Schema has a score field on the summary type, but it's not written anywhere in the codebase. The actual score is computed at query time inside match_engine, not stored on the profile.
- Source
- fc datamodels.ts:3146-3157
- Implication
- Findem does not have stored relationship-strength scores. 008 cannot fetch this from Findem; we compute it ourselves. (See spec-technical §5 rule engine.)
Enum includes Education = 0, WorkExperience = 1, Publication = 2, Patent = 3. Findem already models four bridge types even if the kernel only uses two.
- Source
- fc connection_datamodels.ts
- Implication
- Getro's edge-type list (coemployment, coeducation, coinvestment, board-peer) doesn't need to map 1:1 with Findem's. Our list comes from Getro product needs; Findem's enum is reference, not constraint.
6. Findem capability gaps (F1–F9)
Capabilities Getro needs from Findem to fill out 008/007 v2/v3. Status reflects current understanding; some answers may have changed since last sync with Findem.
| ID | Capability | Used by | Status |
|---|---|---|---|
| F1 | Person lookup by email — canonical identity resolution | 008 dedup oracle (DR-02) | Pending Findem |
| F3 | Enrich-by-email-only (no LinkedIn handle required) | 008 thin V1 fallback | Pending Findem |
| F4 | User enrichment — same APIs as contact enrichment, applied to team members | 008 W3/K6 work overlap; 007 v2 path generation | Pending Findem |
| F6 | Investor / cap-table data on companies and people | 007 v3 investor edges; 008 investor-overlap signal | Pending Findem |
| F7 | Profile-update webhooks for cache invalidation | 008 EnrichedEmailLookup invalidation (DR-03) | Pending Findem |
| F8 | Expose candidate.connections[] via pub_api with ext_src filter |
Was: potential Cold/Known signal source | Downgrade — coverage too sparse (see F-D-1) |
| F9 | Expose match_engine overlap scoring as a service for arbitrary PRID pairs |
Could replace Getro reimplementing the kernel | Open question |
Reframe of F8
Original F8 asked Findem to expose LinkedIn-source connections[] via pub_api. Investigation (see F-D-1) showed coverage is <10% of profiles and per-uploader scoped, not global. Reframe to: "Confirm production coverage of candidate.connections[]; if Findem starts ambient enrichment with global LinkedIn data, revisit."
7. Implications summary
Bringing it all together — what Findem gives us, what we build ourselves, and where the lines are.

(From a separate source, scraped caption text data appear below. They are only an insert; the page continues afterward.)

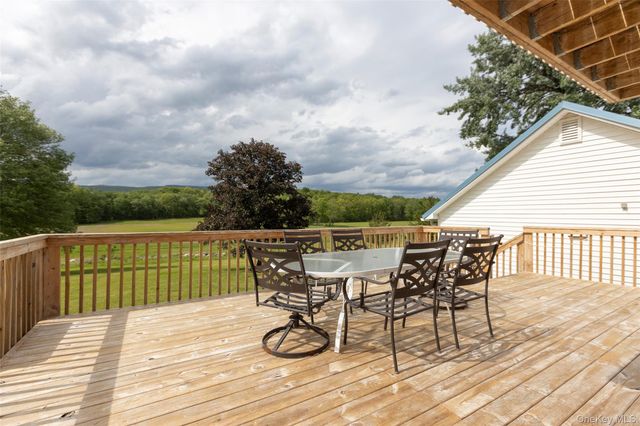4 Low Road, Wallkill, NY 12589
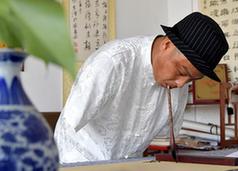 （圖片故事）（1）無臂揮毫者蔡沐江：用口書寫精彩人生
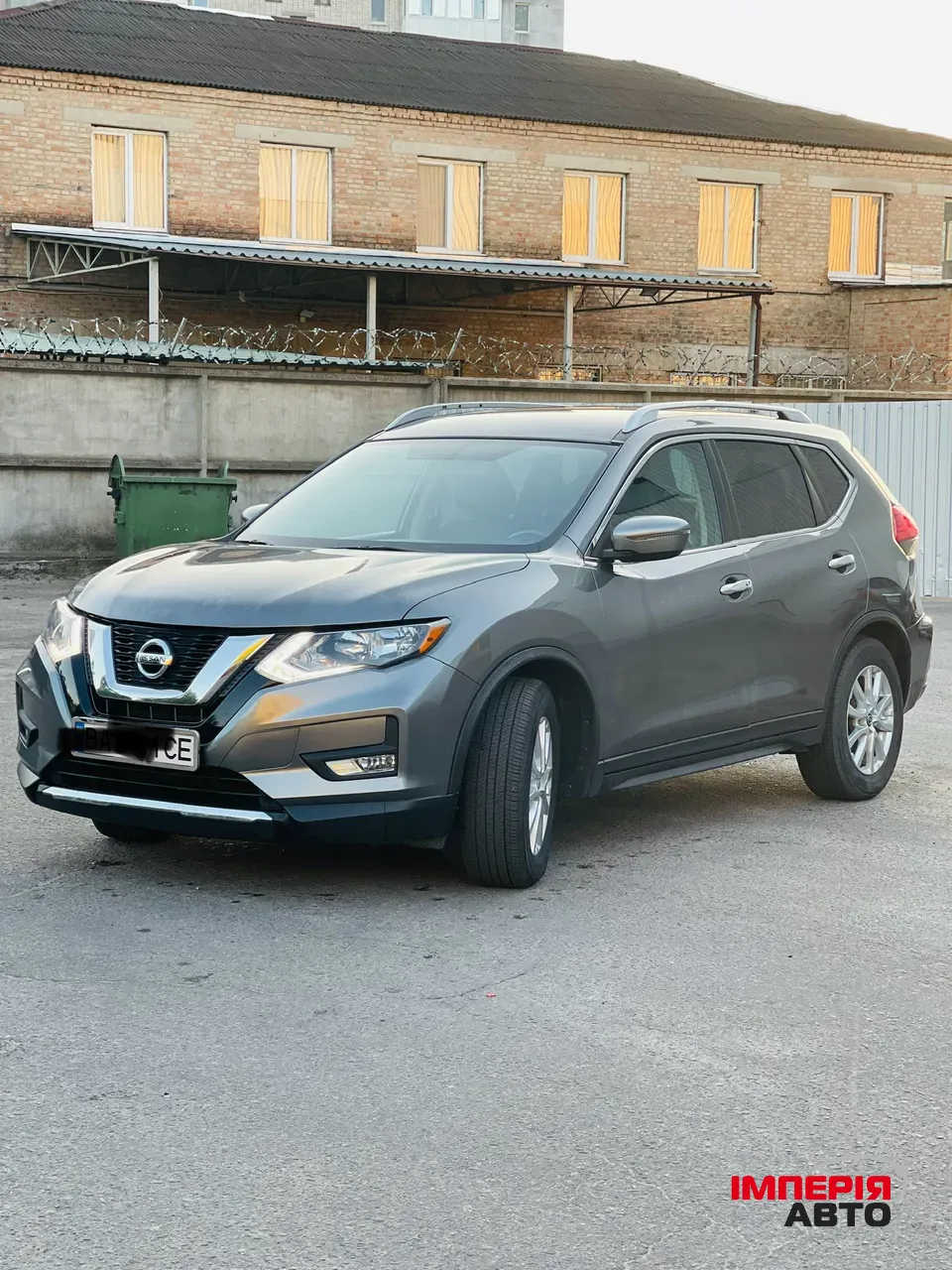 Nissan Rogue - фото 1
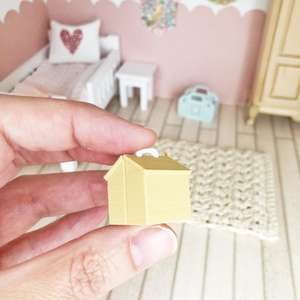 mini holdie house, miniature holdie house, dollhouse holdie house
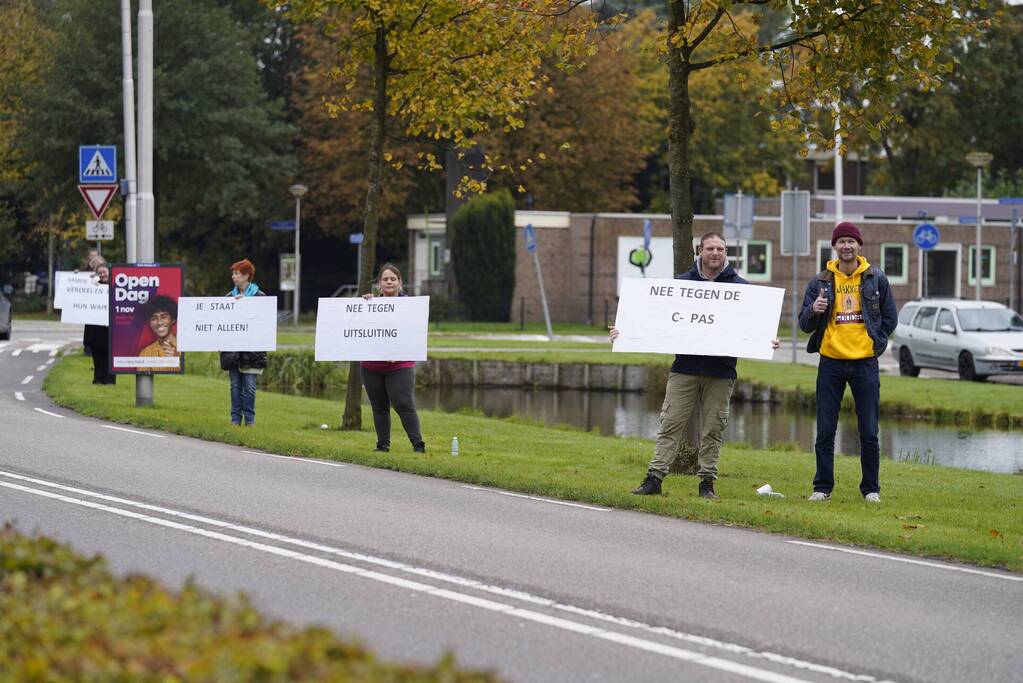 Actievoerders protesteren tegen vaccinatiebeleid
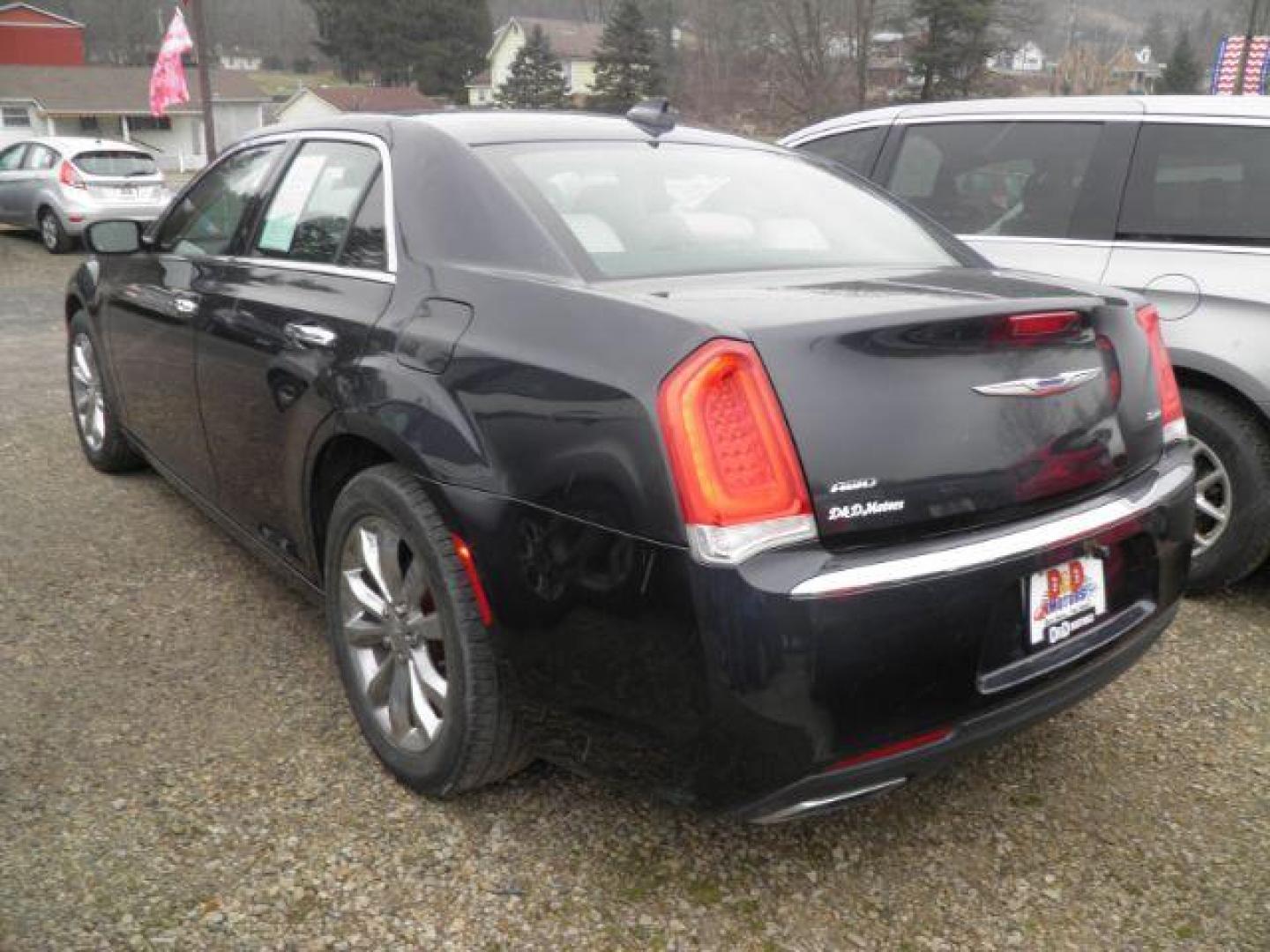 2018 GRAY Chrysler 300 Limited AWD (2C3CCAKG1JH) with an 3.6L V6 engine, AT transmission, located at 15520 McMullen Hwy SW, Belair, MD, 21502, (301) 729-3700, 39.581375, -78.846451 - Photo#4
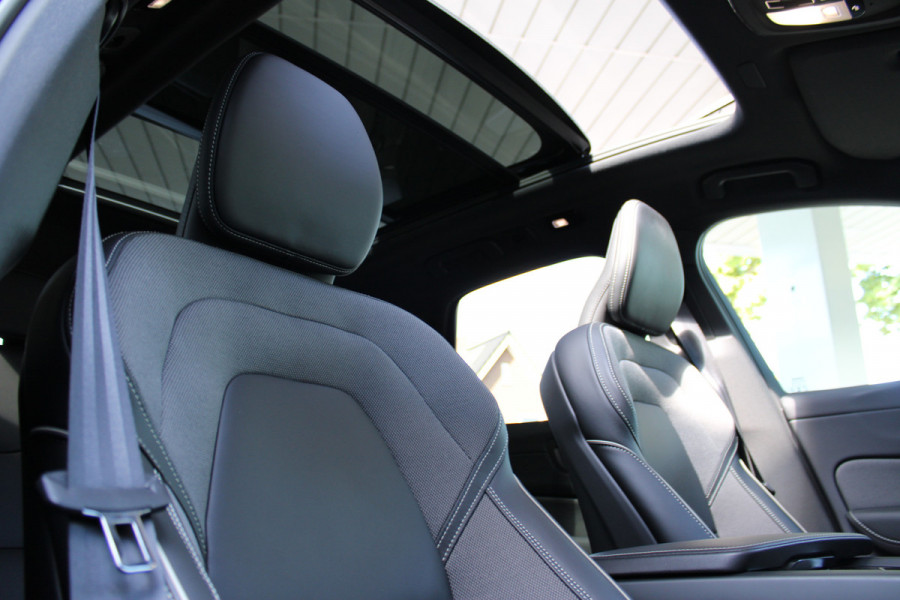 Volvo XC60 2.0 T6 Plug-in hybrid AWD Plus Black Edition | Panoramadak | H/K | Camera | Leder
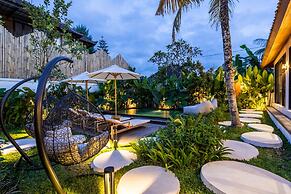 Alicante Villa by Betterplace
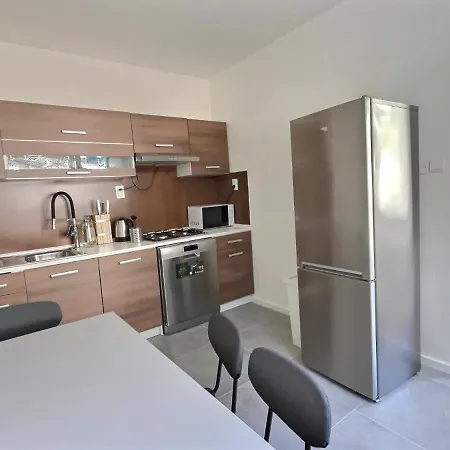 Apartment Free Wifi - Urban Oasis Bratislava
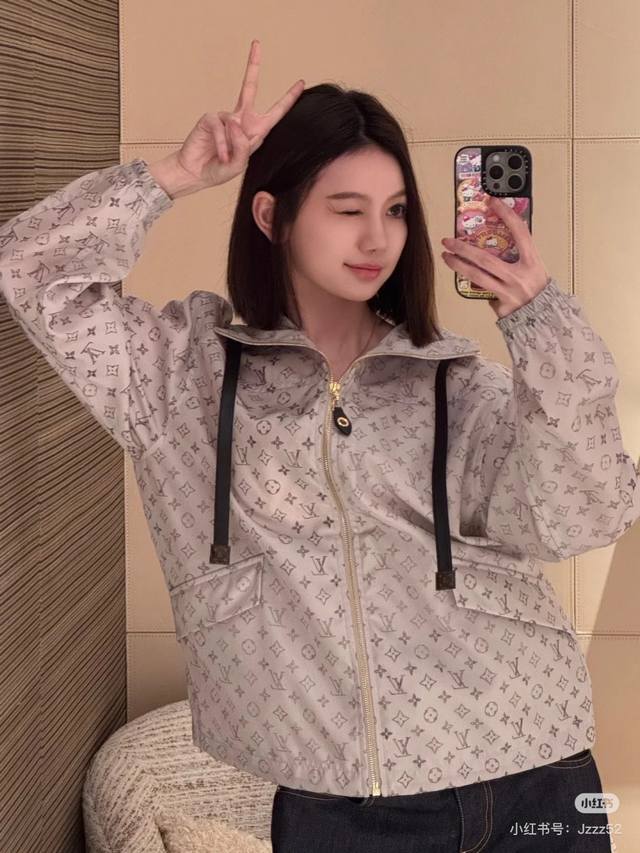 25 Early Autumn New Arrival Monogram Hooded Drawstring Zipper Jacket Sm L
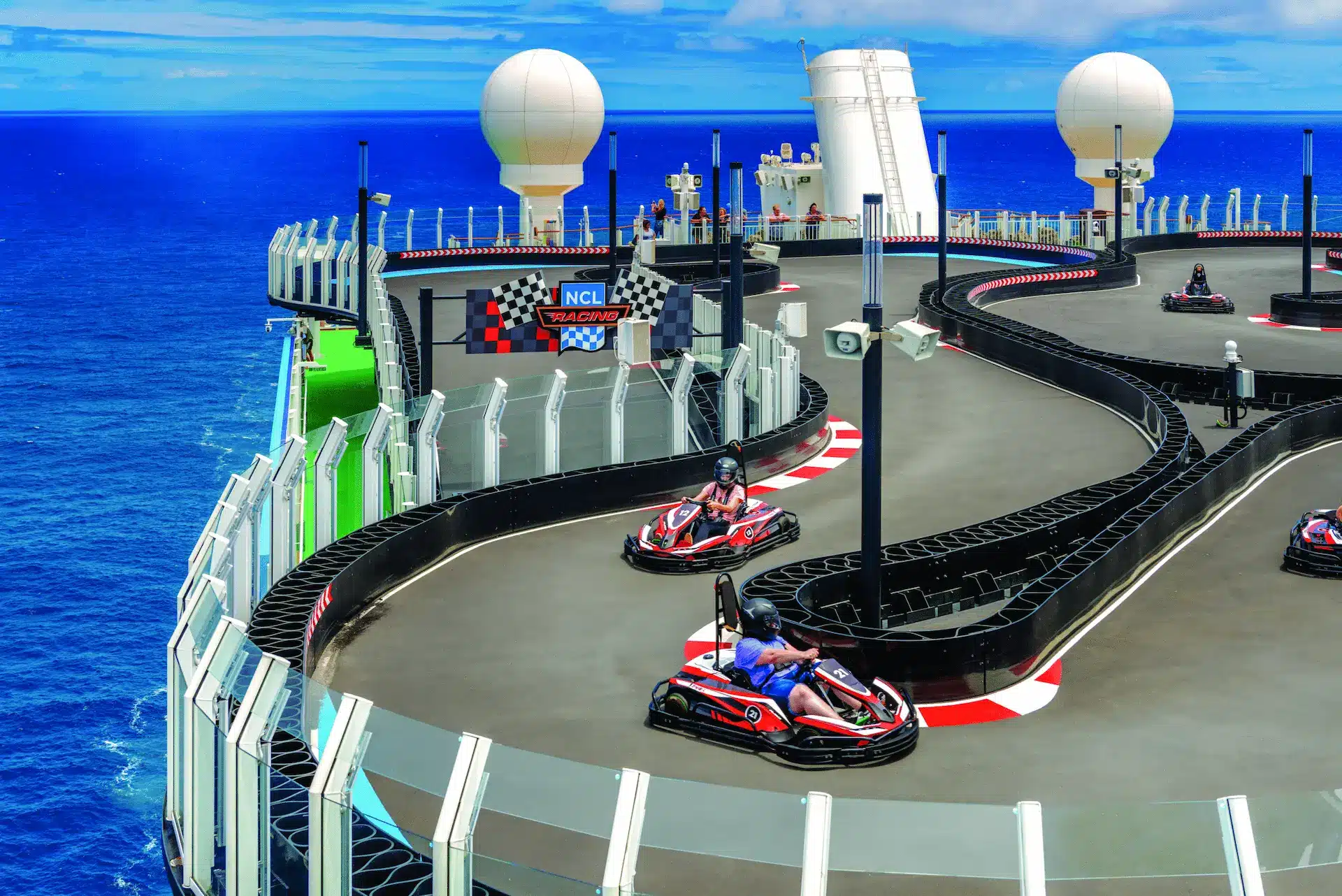 NCL - Bliss - Norwegian Cruise Line - Kartbaan Race track op het dek van Norwegian Bliss met uitzicht op zee.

| Area | What Findem provides | What Getro builds |
|---|---|---|
| Overlap algorithm | The kernel formula (F-K-1, F-K-2, F-K-3) | Port into WorkOverlapCalculator + CoemploymentEdgeMaintainer |
| Network definition | Macro-based (F-L-2) | UCC-based (simpler, no macro engine) |
| Connection batch precompute | connection_svc with 15k cap (F-C-1, F-C-2) | Sidekiq workers with no cap; per-cache reconciliation |
| Connection drill-in (live) | LoadConnections runtime merge (F-L-1) | Mirror the merge shape; read precomputed Postgres edges |
| Search endpoint | sandbox/matches — does NOT include connections (F-S-1) | Separate per-list endpoint; connection counts via summary rollup |
| Profile data | Sparse candidate.connections[] (F-D-1); no stored strength score (F-D-2) |
Use Findem profile data for enrichment (work/edu history); do not depend on connections[] |
| Investor + board data | Pending F6 | 007 v3 + 008 Phase 10 — gated on F6 answer |
One-line takeaway
Findem provides the algorithm; Getro provides the storage and scale. Reuse the overlap-scoring formulas verbatim. Reuse architectural patterns (master/agent split, two-population asymmetry, late decoration). Do not depend on Findem's storage shapes (in-memory maps, 15k caps, sparse upload tables) — those don't fit Getro's list-view trigger or coverage requirements.